Because I can, I will share here some weirder choices from my personal bookshelf. You may not agree with ‘weird’, indeed weird is the wrong word. Nevertheless I use it advisedly in the sense that I will cover subjects beyond literal truth. And I use truth advisedly as mathematics is the only provable truth. Everything else is either awaiting a mathematical proof or is a belief, a theory or an assumption.
Just to explain my thinking: you may believe in what you can see, hear and/or touch, and that’s cool; but it’s not necessarily a literal truth. Even if a thousand people see, hear and/or touch that “thing” it doesn’t make it true. It may be real enough to the people concerned but it’s not an incontrovertible truth. It may be an illusion. It may be a shared thought. It may be a shared assumption. It’s something, but it’s not a literal truth. To be a literal truth requires proof. To my mind we can only be certain of mathematical proofs, as I haven’t seen any other proof that convincingly lives outside the mind or perception of man.

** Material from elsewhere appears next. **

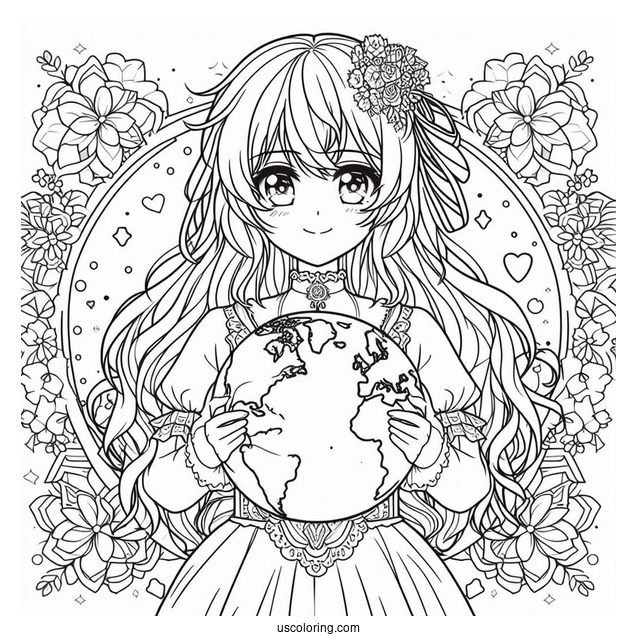 Beautiful Anime Girl Holding The Earth Coloring Page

And I could be wrong about maths. Perhaps there is no independent proof? Ahhh, but that’s an undiscovered country from whose bourne no traveller returns….
So to the first installment of my ‘way out but worth it’ booklist, in no particular order:
- Bill Shakespeare’s works in full. An essential lesson in the use of the English language, up there with Fowler’s.
- The Elegant Universe (by Brian Greene. Post-Einstein string theory to get you thinking.)
- Anything by Richard Dawkins or Stephen Jay Gould. As I said, there are mathematical proofs and there are theories. Some theories are more compelling than others.
- The Torah (the Pentateuch, the Book of Moses: a lively read, basis for Judaism and the Old Testment and a fascinating read on any level)
- The Bible (Greek for ‘Books’; The Old and New Testaments: basis for the Christian cults and a brilliant read)
- The Koran (Arabic for ‘Recital’: another excellent piece of writing and the basis for Islam. I have the Dawood translation)
- The History of Magic (by Eliphas Levi: a great, compelling read. Spot the a ha! ‘Harry Potter’ moments and see the footprints of Rowling’s research)
- The Theory of Celestial influence (by Rodney Collin: immensely detailed, it wallows around trying to ‘prove’ a case scientifically but falls magnificently short. Can be heavy, clumsy and painful to read…but still worth it for the determined!).
That’s just for starters. Let me know what you think.